┌──
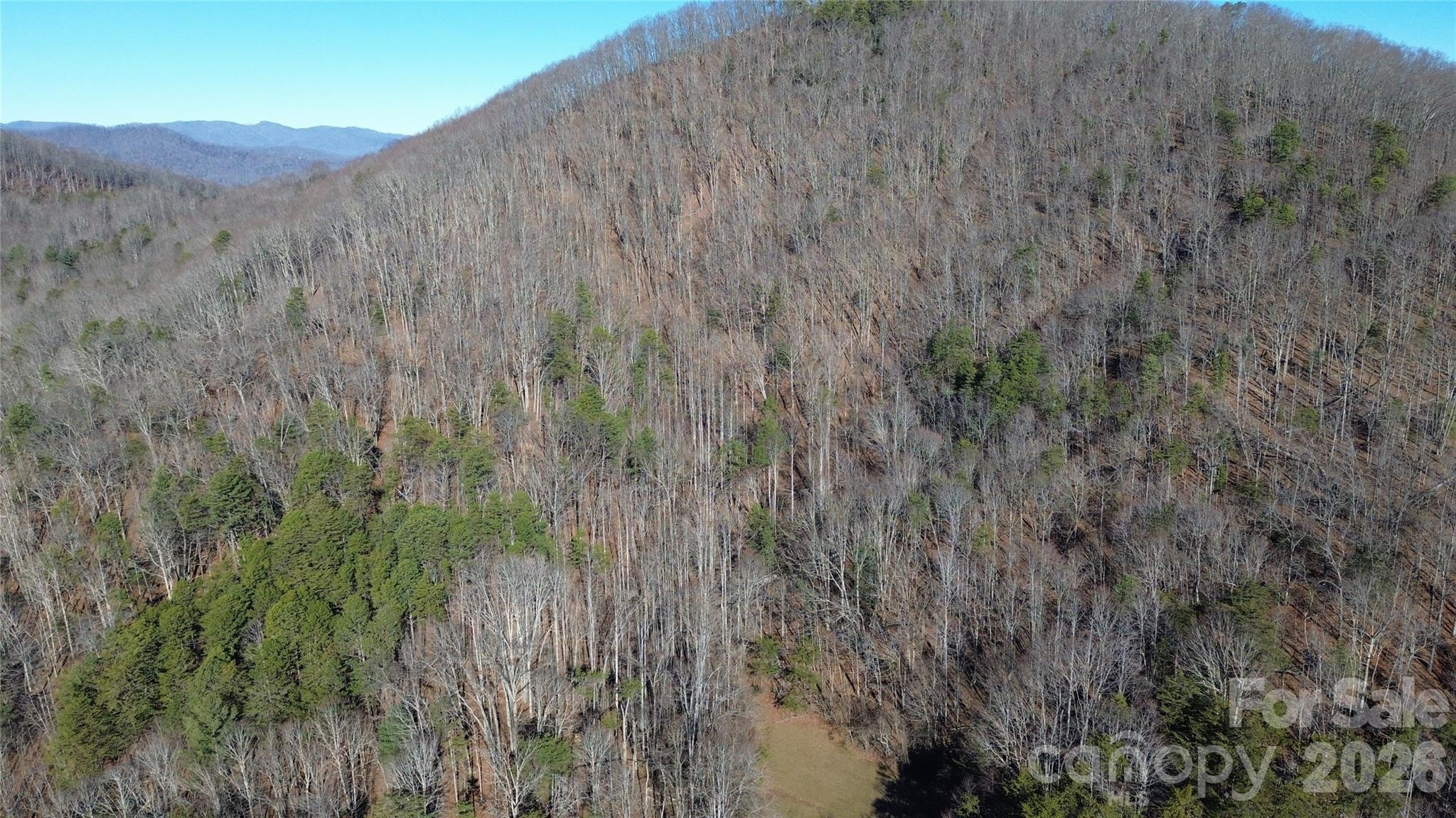 9999 Sealey Lane Leicester, NC 28748 - Photo 20 of 38 a view of a lush green field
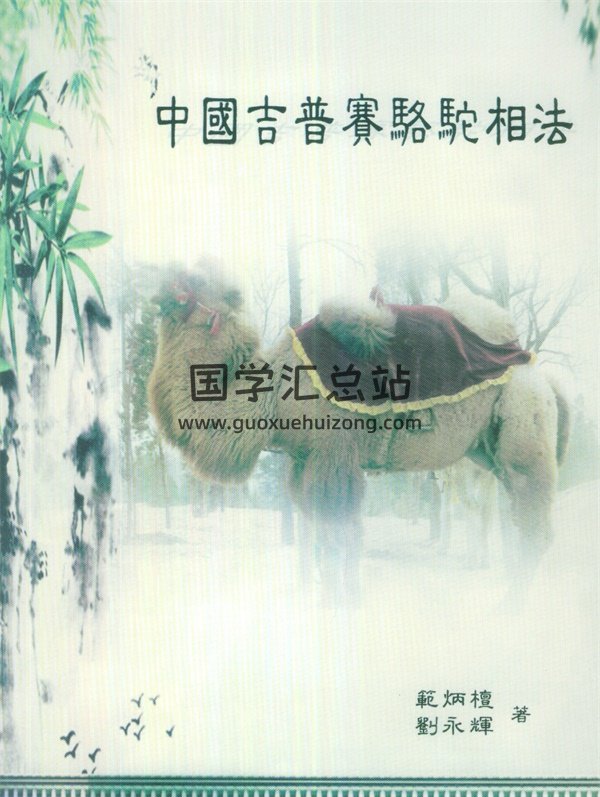 范炳檀 刘永辉《中国吉普赛骆驼相法》PDF电子书分享-封面手相面相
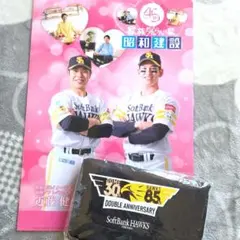 Item thumbnail for item 0e669868-3905-4aa5-8e79-7411fa759a12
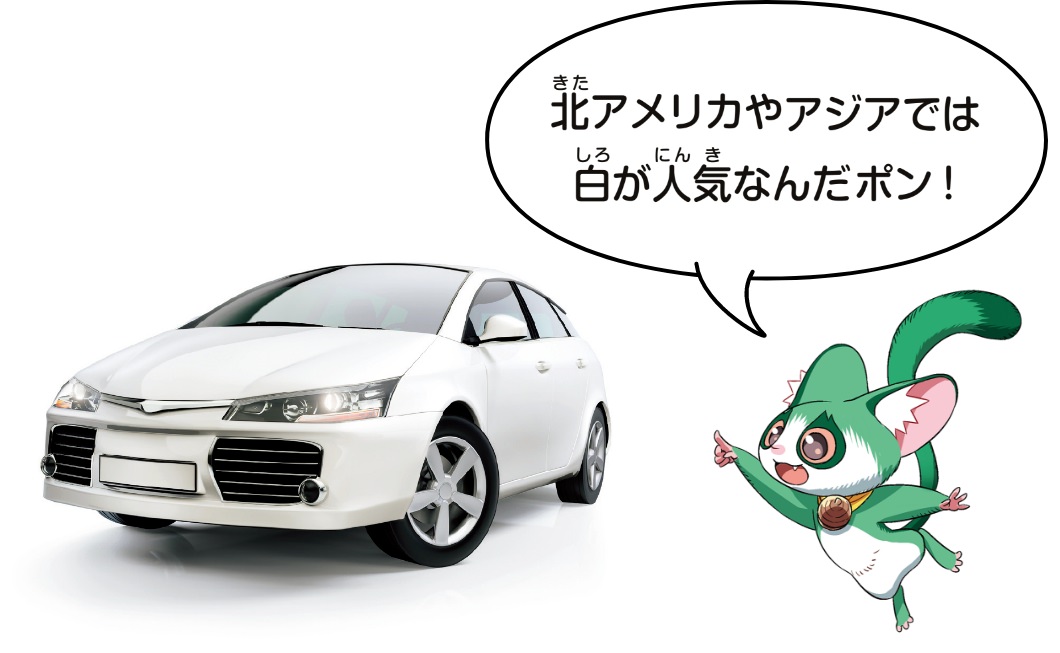 北アメリカでは、白が人気なんだポン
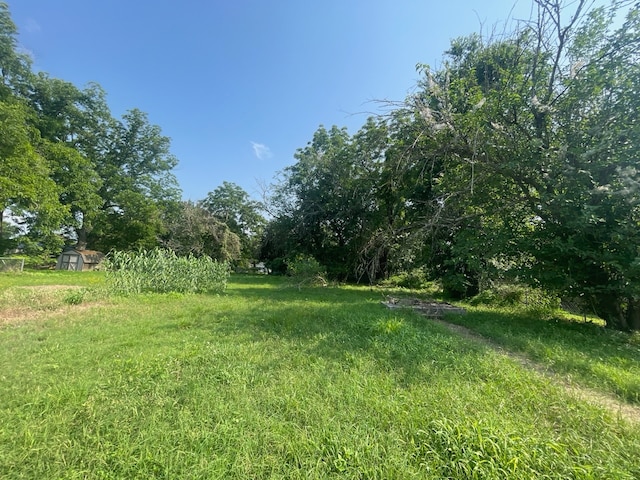 1121 Dewees St, Columbus TX, 78934 land for sale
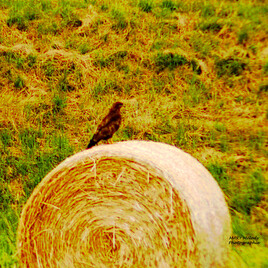 La Buse commune qui prend la pose !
└──
**AIM OF THE TASK:**
Every line from the one holding "Item thumbnail for" through the last line of the entries above, and nothing else, is to be restated word for word. Pictures stay out.

**ANSWER SPACE:**
 Item thumbnail for item 0e669868-3905-4aa5-8e79-7411fa759a12
 北アメリカでは、白が人気なんだポン
 1121 Dewees St, Columbus TX, 78934 land for sale
 La Buse commune qui prend la pose !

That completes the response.